さらば愛しき大久保町

さらば愛しき大久保町 (ハヤカワ文庫 JA タ 9-5)

さらば愛しき大久保町 (ハヤカワ文庫 JA タ 9-5)

 ハヤカワ文庫版大久保町三部作遂に完結。
 と言っても、それぞれ世界観からして独立した作品なので、どれから読んでも構わなかったりしますが。

 今回は主人公が強いのに理由があったり、ヒロインの王女様までかなり抜けてたり、河合茂平がそんなに抜けてなかったりで、三部作の中では一番筋立っていたものの――その分、田中哲弥としての面白みは少なかったように思える。いや、他の二作品と比べてという話なので、面白いことに変わりはないのだけど。

 田中哲弥の何がそこまで面白いのか、と問われても答えに窮する。肩の力が抜けたような独特の語りが魅力なのは確かだが、それだけではないはず。『秒速五センチメートル』みたいに、体験できなかった甘酸っぱい青春の肩代わり論法は論外にしておきたいところ。
 つまるところ、もっと新作を書いてくれないとわからんので、ぜひぜひ仕事をしてください。

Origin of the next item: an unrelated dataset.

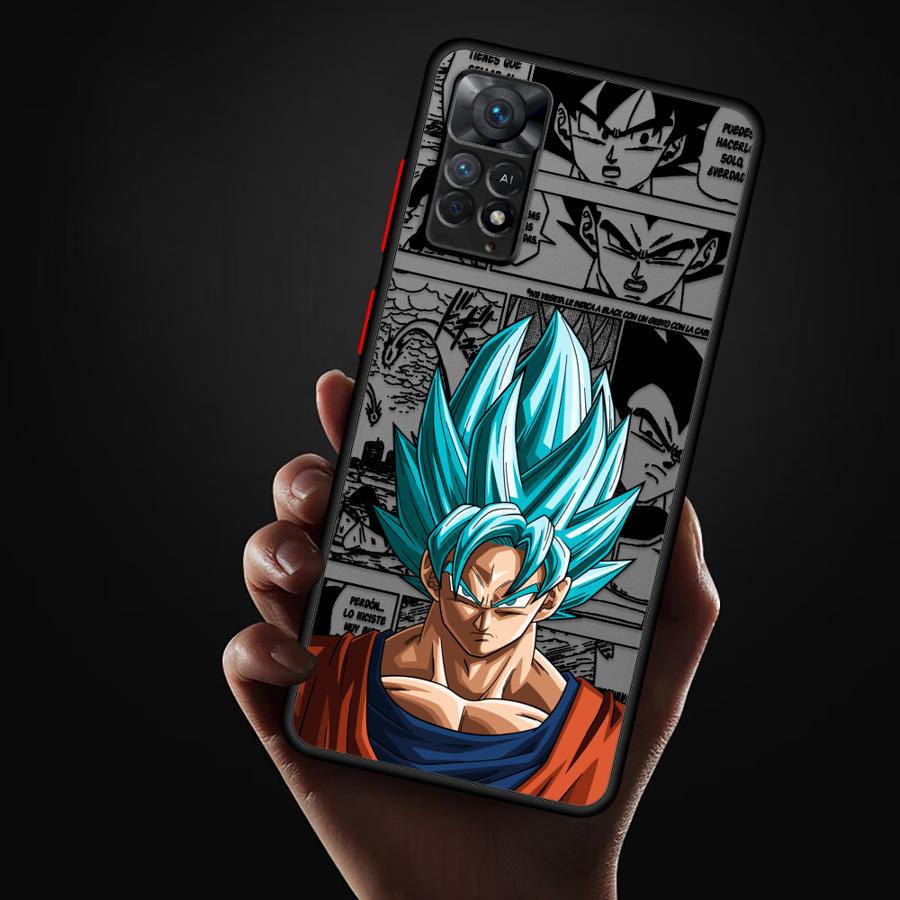 TPU Cover Phone Case for Xiaomi Redmi Note 11S 7 9S 8 9 10 11 Pro 13 14 12 ProPlus 10S 12s 8T 14 Pro+ Cool Anime DBS GK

 そういえば、この三部作で注目すべき点がもう一つある。帯や目次、登場人物紹介がDVDを模したような体裁をしているのだ。なにせ、コレクターズ・エディションらしいから。
 特典映像ならぬ特典解説もついてたりで、中身のこだわりはなかなか面白い。ここまでやるなら、カバーがトールケースを模すところまで期待をしたいところだけど、さすがに予算とかフォーマットとかがあったんだろうなあ。残念。